Depois de 3 álbuns banhados em melancolia, já dá para dizer que a tristeza não é estado para a música do Momo, é condição de existência. E “Cadafalso”, quarto álbum do projeto do mineiro-carioca Marcelo Frota, segue a mesma toada. Lançado de surpresa no último mês de abril, o disco parece ser a primeira obra de Momo que é movida principalmente por uma força estética, ao invés de uma catarse pessoal como em seus outros trabalhos. Se “A Arte Do Rabisco” (2007), “Buscador” (2008) e “Serenade Of A Sailor” (2011) podem bem ser encarados como uma trilogia perfeitamente sequênciada – o fundo do poço, a tentativa de fuga e a resignação – “Cadafalso” é, mais do que um novo capítulo, uma nova história que em boa parte do tempo faz pouca ou nenhuma referência ao que veio antes.

É o mesmo Momo, a mesma tristeza e o mesmo violão que os poucos seguidores do bardo do Jardim Botânico conhecem, mas já ao fim “Coragem” dá para sentir a secura e a dureza que vai guiar o disco.
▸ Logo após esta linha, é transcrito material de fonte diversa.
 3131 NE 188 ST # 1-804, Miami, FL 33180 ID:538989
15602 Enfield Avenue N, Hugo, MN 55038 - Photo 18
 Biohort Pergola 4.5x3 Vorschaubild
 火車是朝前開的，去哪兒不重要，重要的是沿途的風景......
Gravado todo em mono, quase só voz e violão, “Cadafalso” mostra a música de Marcelo Frota em seus elementos mais básicos, mais definidores. Há quem irá sentir falta da psicodelia farmacológica de “A Arte Do Rabisco”, do rugir da guitarra e da garganta de “Buscador” ou do balanço suave de “Serenade Of A Sailor”, mas, no fim das contas, é difícil não se assombrar com a riqueza que emerge de um álbum tão cru como esse.
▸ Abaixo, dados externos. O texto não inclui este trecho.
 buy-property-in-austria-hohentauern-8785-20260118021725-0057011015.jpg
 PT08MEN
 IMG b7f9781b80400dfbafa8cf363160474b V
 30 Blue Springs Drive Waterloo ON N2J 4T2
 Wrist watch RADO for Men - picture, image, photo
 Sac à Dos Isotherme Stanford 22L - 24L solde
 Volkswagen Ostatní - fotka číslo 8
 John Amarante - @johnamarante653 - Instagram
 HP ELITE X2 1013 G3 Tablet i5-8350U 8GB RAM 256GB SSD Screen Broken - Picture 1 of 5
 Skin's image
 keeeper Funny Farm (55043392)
Marcelo sempre foi um homem de palavras – e poucas vezes elas disseram tanto – mas em “Cadafalso” seu violão é quem conta a história, fazendo ponte entre o folk gótico de um Will Oldham (“Sozinho”) e a trova nortista de Humberto Teixeira (“Eu Vou Pro Ceará”, única versão do repertório de Momo até aqui), entre o refinamento barroco de seus pares de lá de fora (“Recomeço”) com a crueza do samba daqui (“Cadafalso”).
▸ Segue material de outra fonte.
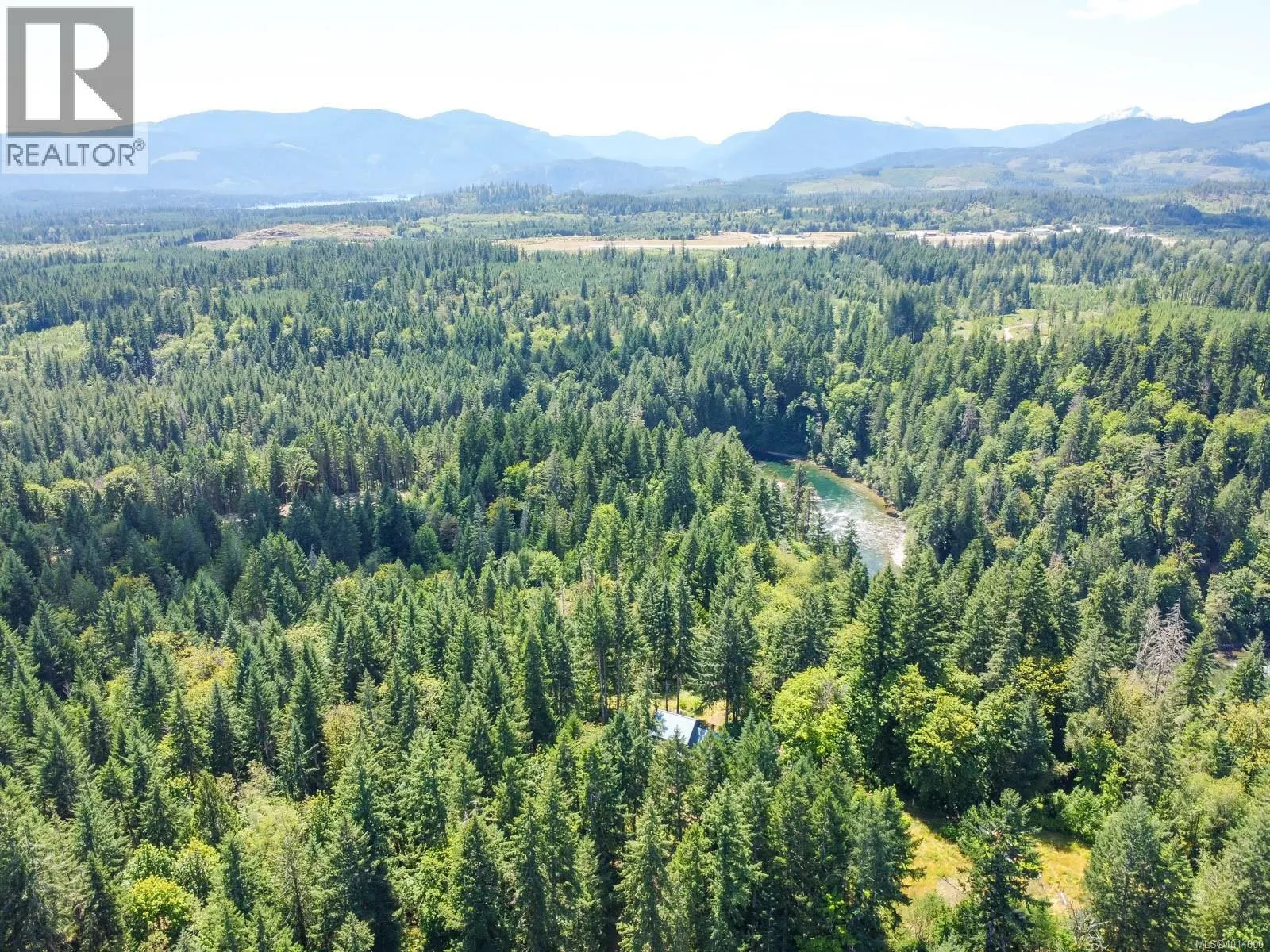 8000 Beaver Creek Rd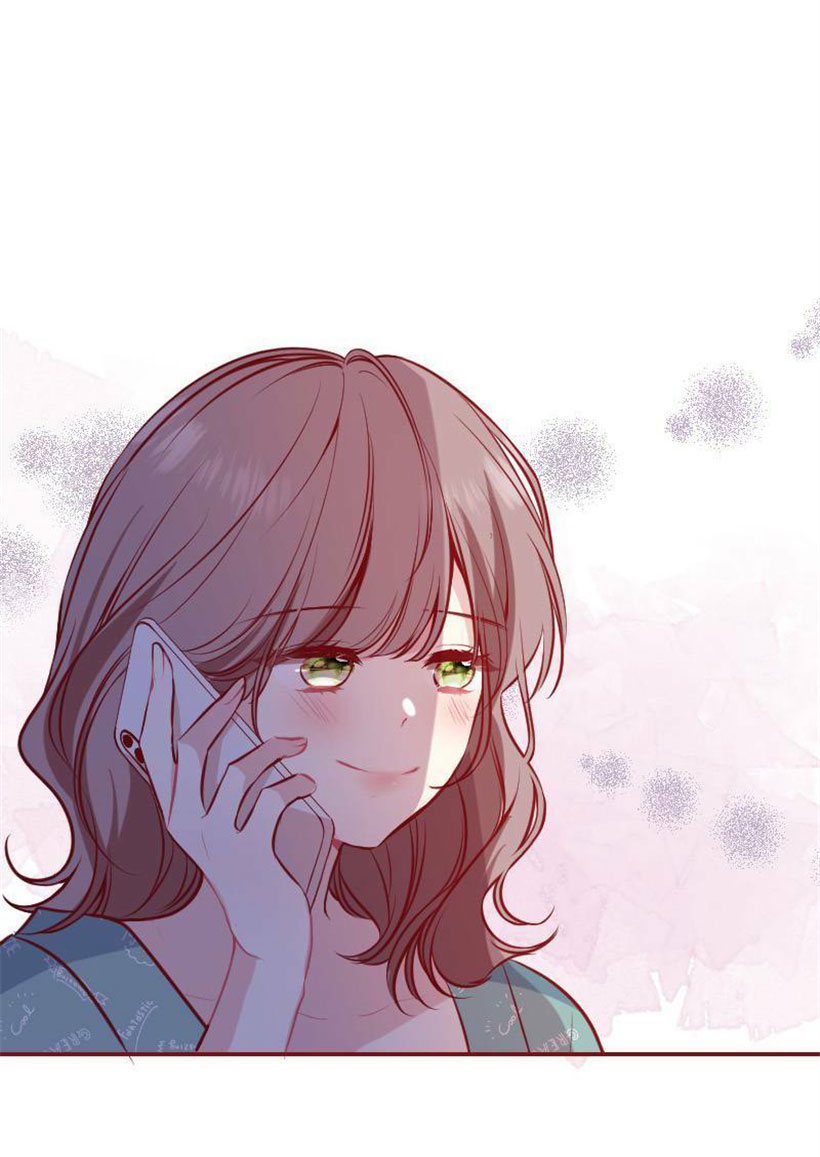 mù quáng vì yêu anh chapter 29 85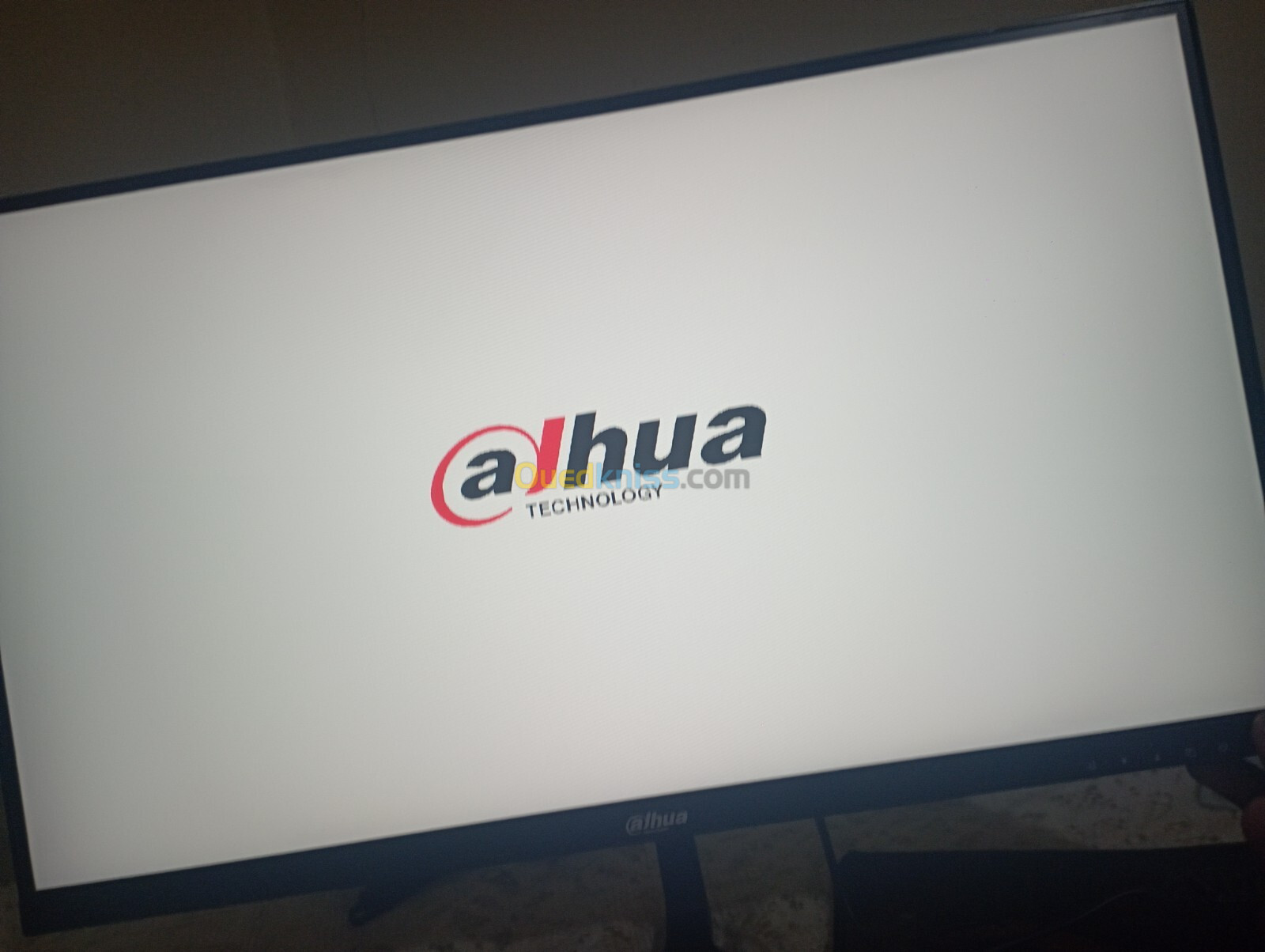 DAHUA 22 " IPS FHD 100hz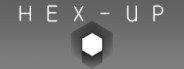 Hex-Up
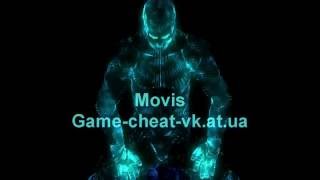 Взлом Для Королевский Сад (ВК) 2016 screenshot 2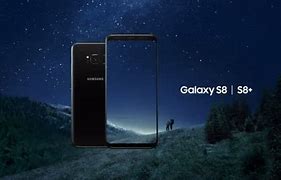 Image result for Mophie Samsung Galaxy S8 Plus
Ao longo de todo o álbum, Momo parece estar se colocando menos como um trovador, um cantor/compositor de tal tradição e mais como um Artista, o que parece absurdo já que estamos falando de um álbum feito quase que inteiramente por um homem e seu violão. No entanto, enquanto em seus trabalhos anteriores o leme estava sempre nas mãos de suas agruras pessoas, aqui ele parece ser guiado só pela sua música. Na maior parte do disco, ele está falando em termos universais (“Arte”, “Sozinho”), em lugares (“Eu Vou Pro Ceará”, “Copacabana”) ao invés de dar vazão a um estado de espírito, a uma dor que não quer ceder. Mesmo quando ele escreve sobre si, ele o faz como quase como observador (“Coragem”, “Recomeço”), dando exuberância poética novas às composições assinadas sempre por ele ou por ele e Wado. Aqui, Momo mostra que o “Cadafalso” é mais palco do que ponto final.

O que é mais recompensador em “Cadafalso” é perceber que, levando suas canções à ponta mais extrema do minimalismo, Marcelo descobriu algo tão ou mais rico do que ele fazia antes. Um som tão bonito que é capaz de liberta-lo de qualquer amarra artística, de qualquer rótulo que tenham lhe grudado durante sua primeira leva de discos. Mais do que um ótimo disco, este é um trabalho que celebra o poder de transformação que só a arte em sua forma mais primal é capaz de ter. Como ele mesmo diz quase no fim do disco, este é um novo recomeço.